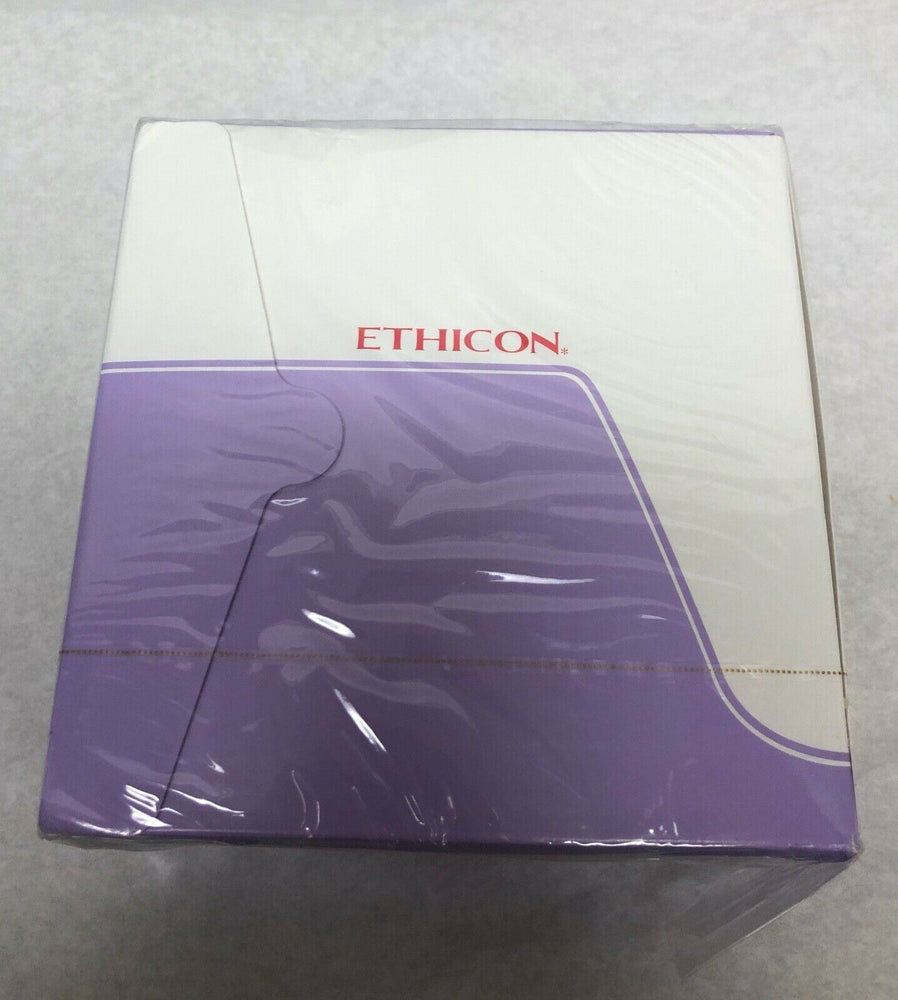 
                  
                    Ethicon Coated Vicryl Suture Size 1 48mm 1/2c, 3 Dozen Box | CEDESP-119
                  
                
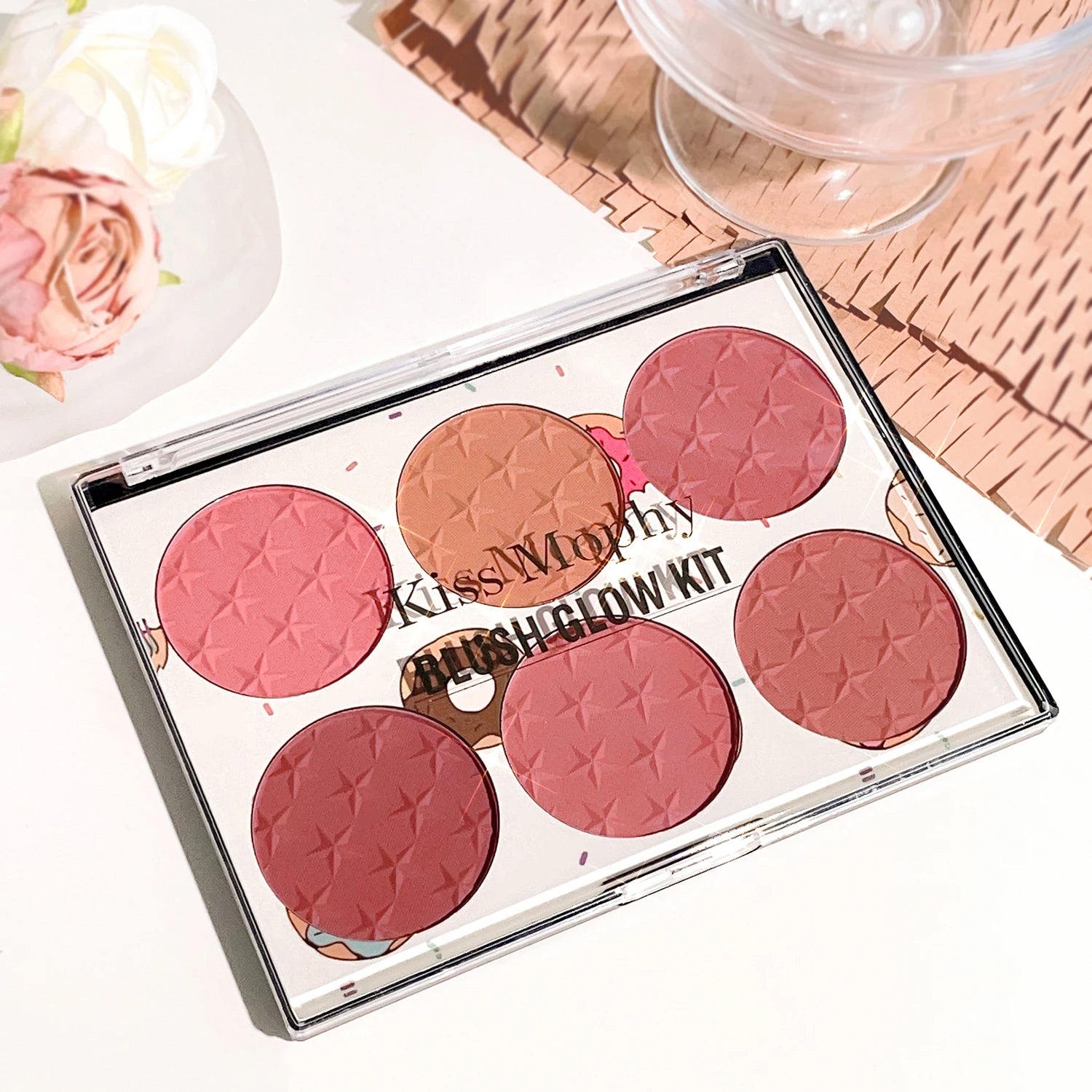 6-Color Blush Palette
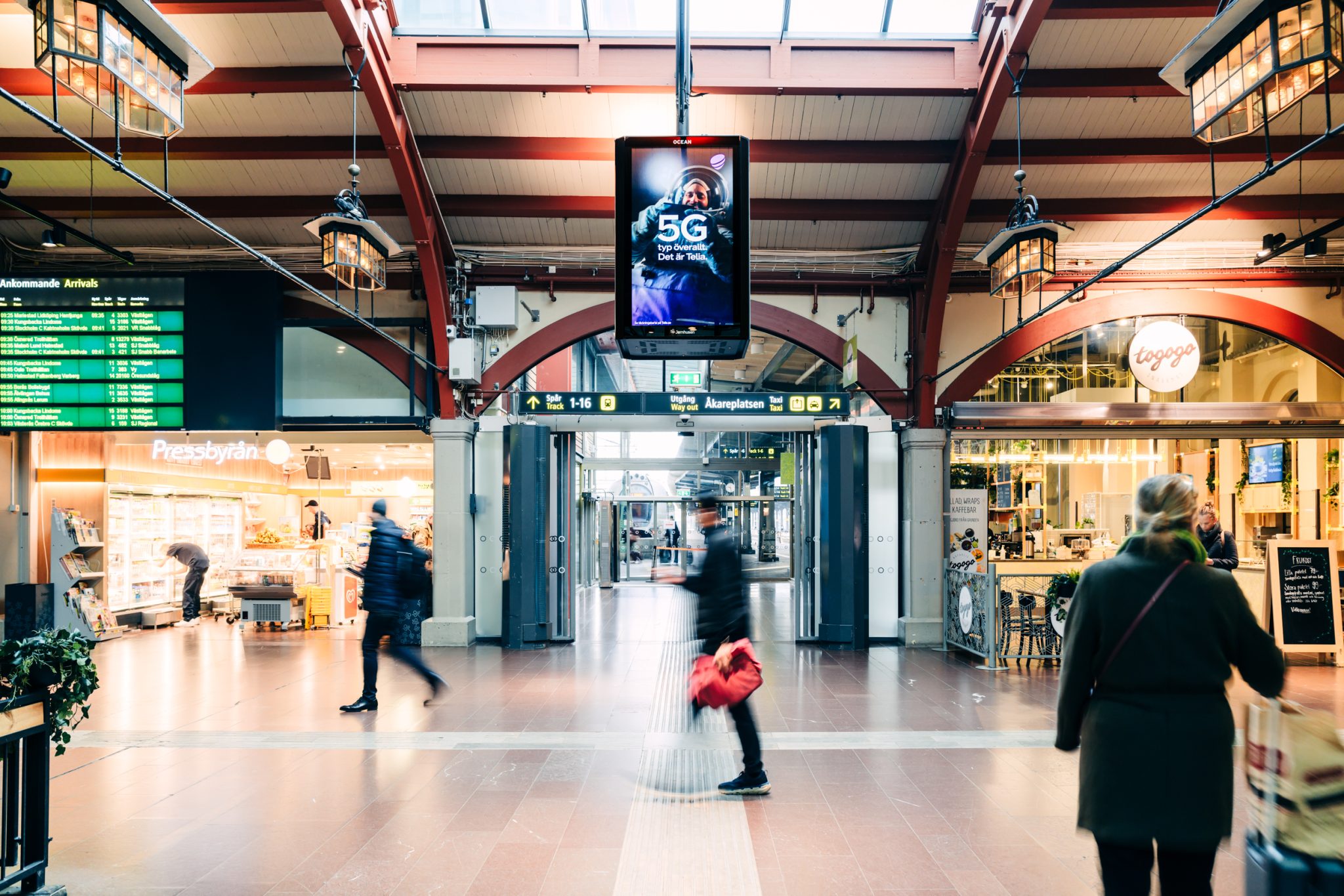 Göteborg – Centralstation – Ocean Local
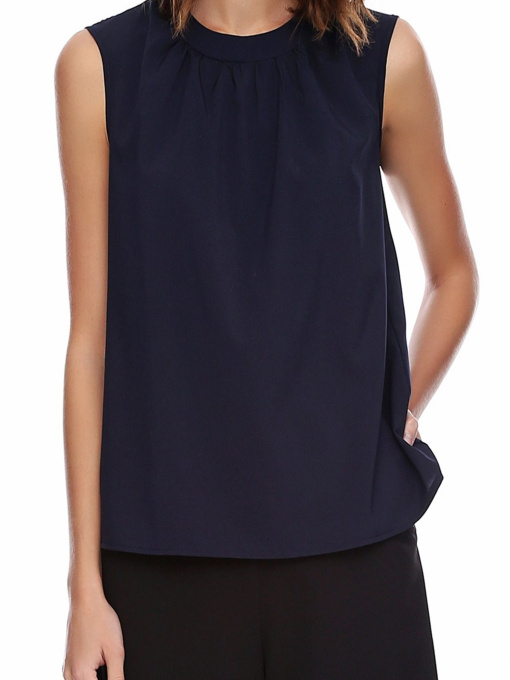 Блуза LadyLike модель ll167030063-sinj Фото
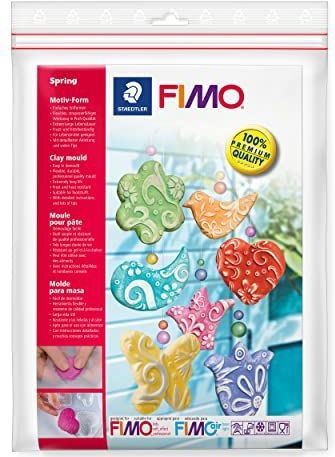 STAEDTLER - FIMO kleivorm - Lente - 7 Motieven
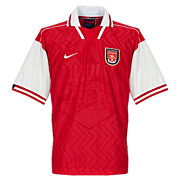 Maillot Arsenal<br>Domicile<br>1996 - 1997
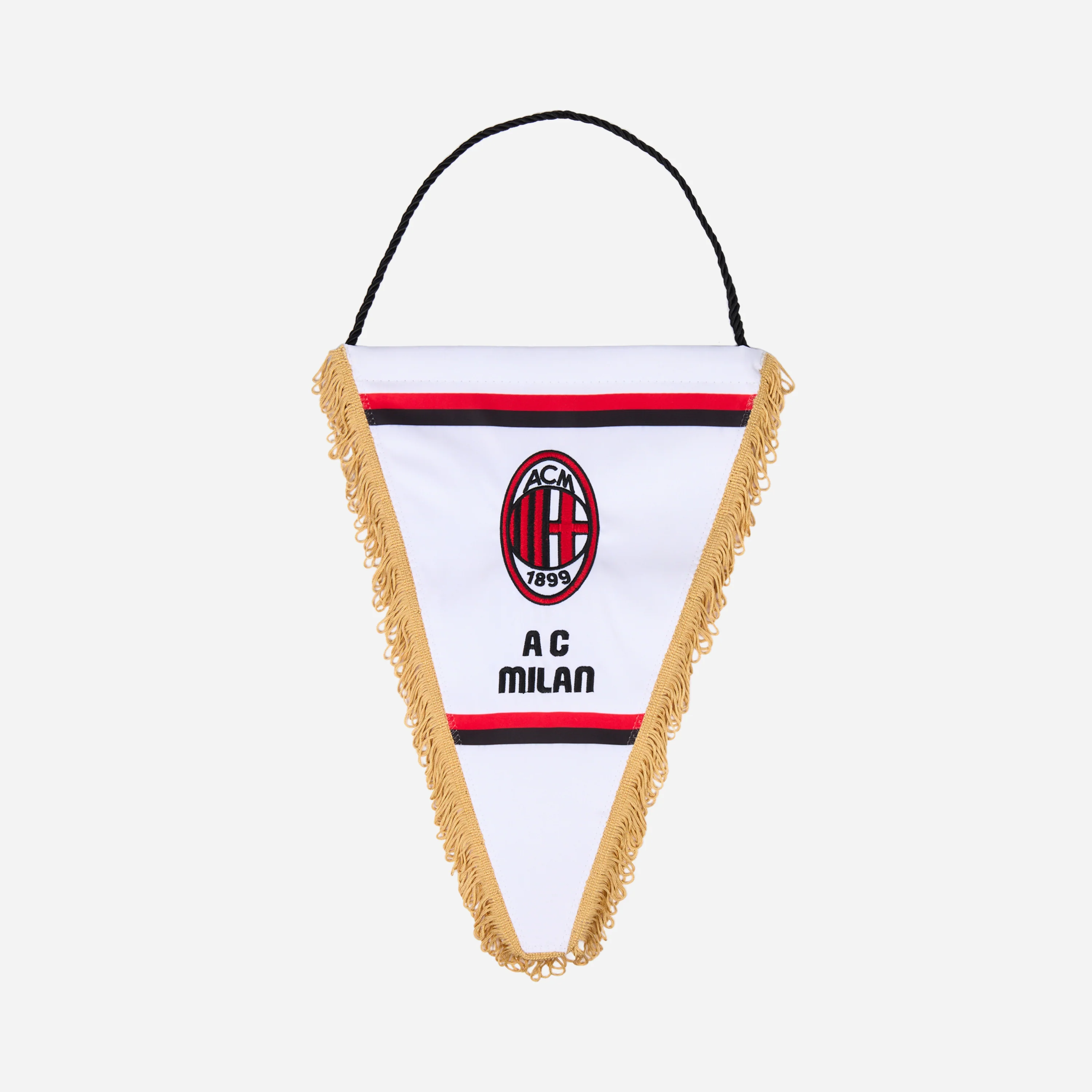 GAGLIARDETTO MILAN BIANCO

################

DESCRIPTION OF THE TASK —
Exact transcription of the full listing above is required; images do not belong in it.

RESULT —
                    Ethicon Coated Vicryl Suture Size 1 48mm 1/2c, 3 Dozen Box | CEDESP-119
                  
                
 6-Color Blush Palette
 Göteborg – Centralstation – Ocean Local
 Блуза LadyLike модель ll167030063-sinj Фото
 STAEDTLER - FIMO kleivorm - Lente - 7 Motieven
 Maillot Arsenal<br>Domicile<br>1996 - 1997
 GAGLIARDETTO MILAN BIANCO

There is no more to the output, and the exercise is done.